Secrets.

I have a confession to make: I have a great many secrets. Secrets that keep this household from falling apart & keep me from a padded room in an asylum. Secrets that – if my toddler learned – would be devastating to our lifestyle.

 

You see… I’m guilty of hiding candy. All over the house. Not because the Easter Bunny just came & we forgot all about it or because I need a quick bribe handy. Because candy is my way to silently stick it to my kids when they’re being gremlins. “HAHA! I have candy & you’re too busy punching the refrigerator to notice!”

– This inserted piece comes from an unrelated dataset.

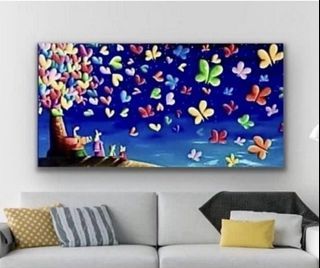 ❤️❤️ Customised Oil Painting Commissioned Art Handpainted  Love Hearts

I also spend a lot of time in the bathroom. You might think I have an overactive digestive tract if you visited our house during the day, when the toddler is going straight insane. But really, I need a place where someone isn’t in my lap, or pulling my hair, or nudging me because they just can’t get comfortable until they’ve broken at least 6 of my ribs. I need a place where my news feed is actually scrolled by ME. With no fingers “liking” all sorts of random things or scrolling all the way to the top when I’m in the middle of an interesting read halfway down my feed. The bathroom is like my sanctuary. It’s my happy place.

I’ve also become amazing at hiding the fact that I have food in my mouth. And even talking as if I don’t have food in my mouth (when L inevitably has 762 questions as soon as I stuff my face). Because there are so many things in my kitchen that my toddler’s finicky palate just doesn’t appreciate in the way I can. I can love you better than she can, donut. Baby, I can love you better.

 

You see, these secrets are the key to me continuing to stay just a hair above sanity. They give me an out, when toddler hands and baby cries are my whole day. They give me a bit of solace on bad days & add to the vibe on the good ones. If I didn’t have secrets, I can assure you, I would be a wreck. No one person can continue the chaos that is staying home with children without having something all of their own, and with my children’s “what’s yours is mine” attitude, it’s better for everyone if these things stay hidden. If you don’t have some sort of system or happy place established, you’re seriously missing out! And clearly a superhuman.

When kids enter our lives, we give up a lot. This is just my way of grasping at the straws of my previous humanity. It’s still in there somewhere, I think. Maybe. But if the toddler becomes aware of these… all bets are off. So for now, I’ll just be munching on a pop-tart from the kitchen sink while keeping an ear out for toddler/elephant footsteps coming my way.

Got any better ideas? Didn’t think so.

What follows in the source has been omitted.